Here you can see that the write_PACKAGES function has identified the latest version and set only the latest version in the PACKAGES file. I take this as the gold standard of what it should do. Maybe I shouldn't but in the absence of a detailed doc from CRAN on how it should work I think it is a fair standard?

Thanks again, for taking the time to look at this. Sean

PS here is the code for the write_PACKAGES function.

and a snippet:

.remove_stale_dups <-
function(ap)
{
    ## Given a matrix from available.packages, return a copy
    ## with no duplicate packages, being sure to keep the packages
    ## with highest version number.
    ## (Also works for data frame package repository dbs.)
    pkgs <- ap[ , "Package"]
    dup_pkgs <- pkgs[duplicated(pkgs)]
    stale_dups <- integer(length(dup_pkgs))
    i <- 1L
    for (dp in dup_pkgs) {
        wh <- which(dp == pkgs)
        vers <- package_version(ap[wh, "Version"])
        keep_ver <- max(vers)
    keep_idx <- which.max(vers == keep_ver) # they might all be max
        wh <- wh[-keep_idx]
        end_i <- i + length(wh) - 1L
        stale_dups[i:end_i] <- wh
        i <- end_i + 1L
    }
    ## Possible to have only one package in a repository
    if(length(stale_dups)) ap[-stale_dups, , drop = FALSE] else ap
}
DarthHater commented 7 years ago

@screig to get this right, we need to know exactly how max() works for a lot of cases. If you can help us figure that out, I think that would be a good start!

screig commented 7 years ago

Well the code for that is non-trivial, the R code calls into C

in this file there is a redirection....

/* Data Summaries */
/* these four are group generic and so need to eval args */
{"sum",     do_summary, 0,  1,  -1, {PP_FUNCALL, PREC_FN,   0}},
{"min",     do_summary, 2,  1,  -1, {PP_FUNCALL, PREC_FN,   0}},
{"max",     do_summary, 3,  1,  -1, {PP_FUNCALL, PREC_FN,   0}},
{"prod",    do_summary, 4,  1,  -1, {PP_FUNCALL, PREC_FN,   0}},

to this file, where max is evaluated in this function (line 397):

SEXP attribute_hidden do_summary(SEXP call, SEXP op, SEXP args, SEXP env)
{

I think it may be easier if you give me all the use cases u want and I give you the results?

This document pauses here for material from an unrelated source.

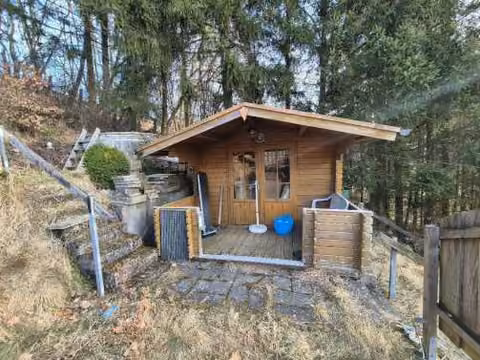 Zwangsversteigerung Einfamilienhaus in Breidenbach, Oberdieten – Freistehendes Holz-Gartenhaus im oberen Gartenbereich.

fjmilens3 commented 7 years ago

@DarthHater and @jlstephens89, I had a bit of time after we returned from car-shopping and started playing around with this whilst savoring taco boats in the comfort of our cottage. I have not done the kind of rigorous testing I would usually like, but https://github.com/sonatype/nexus-repository-r/pull/18 is here for discussion.

If we go that route (we're going to have to do something like that anyway), we should also be considering how to not regenerate this on each request (it's bad form anyway, and this overhead will just exacerbate the problem). I would suggest we dive in with a volunteering spirit and try to use a similar approach as Yum Hosted so that we can make this actually work correctly.

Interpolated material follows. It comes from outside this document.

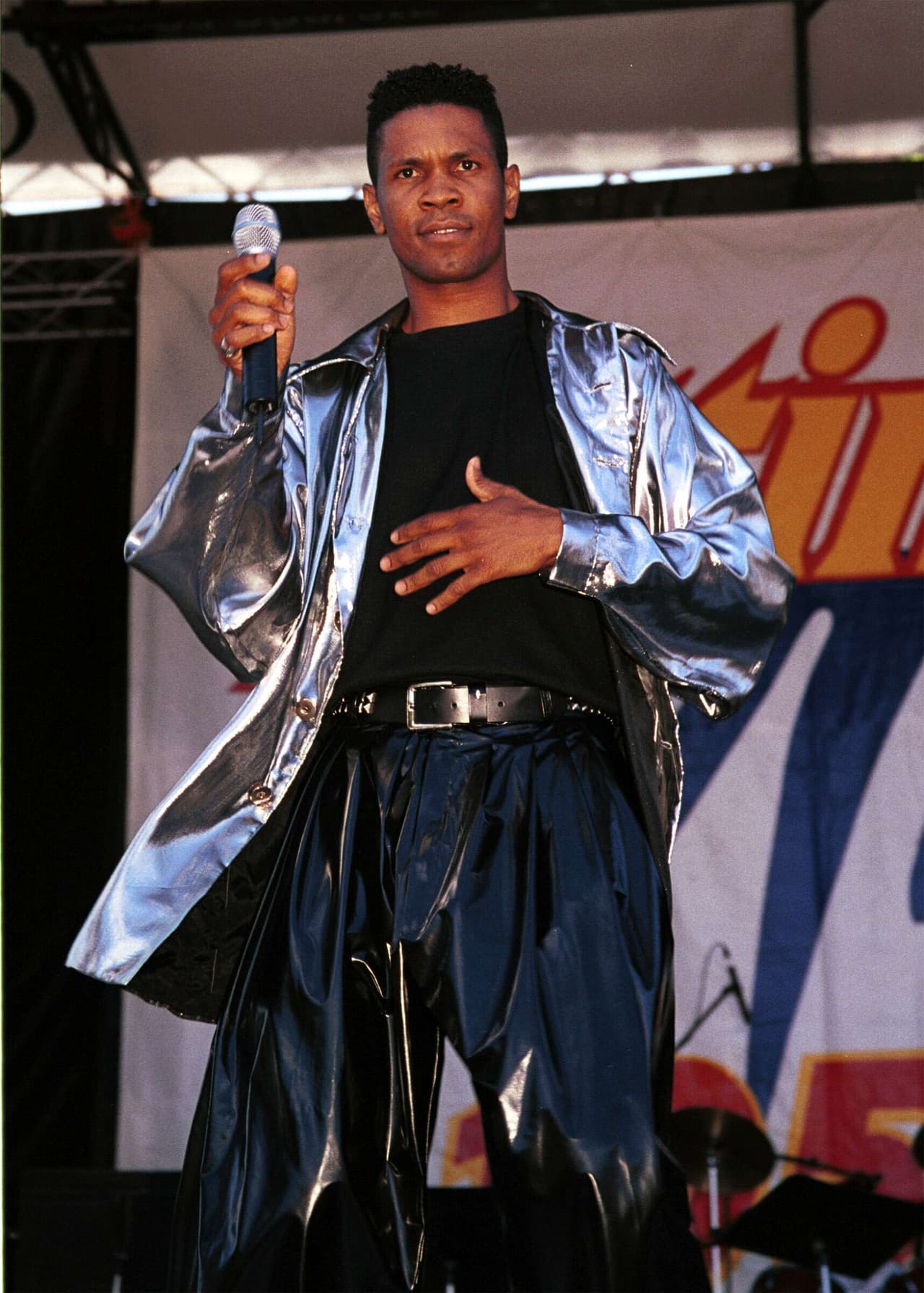 Pero en 2004 'El General' anunció su retiro de la industria musical y al poco tiempo se convirtió en testigo de Jehová.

DarthHater commented 7 years ago

@screig we just merged this in, maybe take a gander and let us know how it works?

screig commented 7 years ago

@DarthHater @fjmilens3 Very grateful for your work on this. In terms of testing, does this still stand:

Copy the bundle into /system/org/sonatype/nexus/plugins/nexus-repository-r/1.0.0/nexus-repository-r-1.0.0.jar

or have you incremented the version number?

Thanks Sean

DarthHater commented 7 years ago

Right now I left it as 1.0.0, I'll likely increment once we are like yep, this is working, so your feedback would be great @screig :)

screig commented 7 years ago

So should I just overwrite the jar with the new one, would that do it?

screig commented 7 years ago

ok it works!

Here is what is in the repo, where the latest version ends 193

image

Before updating the jar

C:_TEMP>more +2 PACKAGES Depends: R (>= 3.1.0), methods Suggests: testthat, knitr, xtable License: LGPL-3

Package: rYieldLib Version: 1.0.2017.157 Depends: R (>= 3.0.0), rClr, zoo, lubridate Suggests: testthat, knitr, rmarkdown License: Yield Solutions NeedsCompilation: no

after updating and restarting the server

C:_TEMP>more +2 PACKAGES Depends: R (>= 3.1.0), methods Suggests: testthat, knitr, xtable License: LGPL-3

Package: rYieldLib Version: 1.0.2017.193 Depends: R (>= 3.0.0), rClr, zoo, lubridate Suggests: testthat, knitr, rmarkdown License: Yield Solutions NeedsCompilation: no

screig commented 7 years ago

PS thanks again for taking the time too look and fix this, greatly appreciated!

fjmilens3 commented 7 years ago

Glad we could help, @screig. We still want to make some additional changes along these lines before we do another release of the plugin, but you should be okay using this as-is for now, so long as you are aware that it's not necessarily going to work the best at scale (because of the rebuilding of the metadata on each request).